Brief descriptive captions
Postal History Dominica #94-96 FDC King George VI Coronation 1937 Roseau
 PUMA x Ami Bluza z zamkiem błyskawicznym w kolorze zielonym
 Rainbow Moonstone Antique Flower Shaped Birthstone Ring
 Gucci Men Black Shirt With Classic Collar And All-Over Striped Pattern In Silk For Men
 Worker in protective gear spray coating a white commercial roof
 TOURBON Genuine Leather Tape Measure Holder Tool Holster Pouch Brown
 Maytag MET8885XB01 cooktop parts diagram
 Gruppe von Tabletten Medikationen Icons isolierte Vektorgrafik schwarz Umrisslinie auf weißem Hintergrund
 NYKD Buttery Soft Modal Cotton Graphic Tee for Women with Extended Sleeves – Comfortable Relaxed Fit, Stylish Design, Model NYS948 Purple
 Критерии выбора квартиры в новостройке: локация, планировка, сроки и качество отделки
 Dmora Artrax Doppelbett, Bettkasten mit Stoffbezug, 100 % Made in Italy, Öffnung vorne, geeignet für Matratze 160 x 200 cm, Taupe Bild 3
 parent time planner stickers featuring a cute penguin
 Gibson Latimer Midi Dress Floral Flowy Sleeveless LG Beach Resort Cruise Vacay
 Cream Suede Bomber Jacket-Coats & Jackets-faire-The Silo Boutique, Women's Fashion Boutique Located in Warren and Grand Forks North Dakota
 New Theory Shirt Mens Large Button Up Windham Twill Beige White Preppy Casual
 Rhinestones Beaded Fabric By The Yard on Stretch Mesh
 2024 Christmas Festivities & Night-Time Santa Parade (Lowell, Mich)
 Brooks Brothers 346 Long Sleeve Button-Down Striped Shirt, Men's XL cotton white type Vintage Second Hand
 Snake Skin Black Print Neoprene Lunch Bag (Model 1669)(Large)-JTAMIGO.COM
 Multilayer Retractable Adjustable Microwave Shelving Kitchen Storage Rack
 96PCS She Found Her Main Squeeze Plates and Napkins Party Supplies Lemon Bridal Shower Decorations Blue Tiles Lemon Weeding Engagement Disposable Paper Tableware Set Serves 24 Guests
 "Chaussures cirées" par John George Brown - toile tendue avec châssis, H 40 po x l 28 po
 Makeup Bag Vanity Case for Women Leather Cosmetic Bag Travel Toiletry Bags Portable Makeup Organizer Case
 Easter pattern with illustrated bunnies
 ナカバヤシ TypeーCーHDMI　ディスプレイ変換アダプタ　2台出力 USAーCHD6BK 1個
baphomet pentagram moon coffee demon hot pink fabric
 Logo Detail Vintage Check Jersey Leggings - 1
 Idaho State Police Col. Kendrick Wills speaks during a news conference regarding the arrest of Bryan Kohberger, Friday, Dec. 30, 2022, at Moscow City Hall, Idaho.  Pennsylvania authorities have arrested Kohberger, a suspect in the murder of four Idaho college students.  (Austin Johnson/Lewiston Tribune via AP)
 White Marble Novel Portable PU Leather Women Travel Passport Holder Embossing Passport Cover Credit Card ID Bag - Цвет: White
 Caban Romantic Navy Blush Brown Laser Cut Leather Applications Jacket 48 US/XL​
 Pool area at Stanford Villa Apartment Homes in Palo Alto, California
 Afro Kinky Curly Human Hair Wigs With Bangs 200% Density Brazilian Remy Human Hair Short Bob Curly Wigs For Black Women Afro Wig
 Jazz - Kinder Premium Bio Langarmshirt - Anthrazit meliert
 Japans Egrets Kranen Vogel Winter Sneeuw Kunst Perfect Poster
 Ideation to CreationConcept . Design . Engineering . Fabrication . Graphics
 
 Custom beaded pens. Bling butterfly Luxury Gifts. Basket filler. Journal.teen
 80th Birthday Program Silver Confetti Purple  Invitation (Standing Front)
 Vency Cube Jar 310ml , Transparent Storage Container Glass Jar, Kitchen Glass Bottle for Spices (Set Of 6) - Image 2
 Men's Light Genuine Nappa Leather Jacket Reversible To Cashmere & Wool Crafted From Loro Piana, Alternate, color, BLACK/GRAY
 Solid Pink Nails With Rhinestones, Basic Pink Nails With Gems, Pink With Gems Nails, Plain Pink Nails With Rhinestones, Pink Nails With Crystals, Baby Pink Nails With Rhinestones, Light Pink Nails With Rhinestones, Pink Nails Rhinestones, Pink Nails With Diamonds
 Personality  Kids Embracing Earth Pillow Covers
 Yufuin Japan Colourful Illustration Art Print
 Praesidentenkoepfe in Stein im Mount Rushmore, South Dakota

» **Work instructions**: Every line above that contains the word "Vintage" should be reported.

» **Task solution**:
 Brooks Brothers 346 Long Sleeve Button-Down Striped Shirt, Men's XL cotton white type Vintage Second Hand
 Logo Detail Vintage Check Jersey Leggings - 1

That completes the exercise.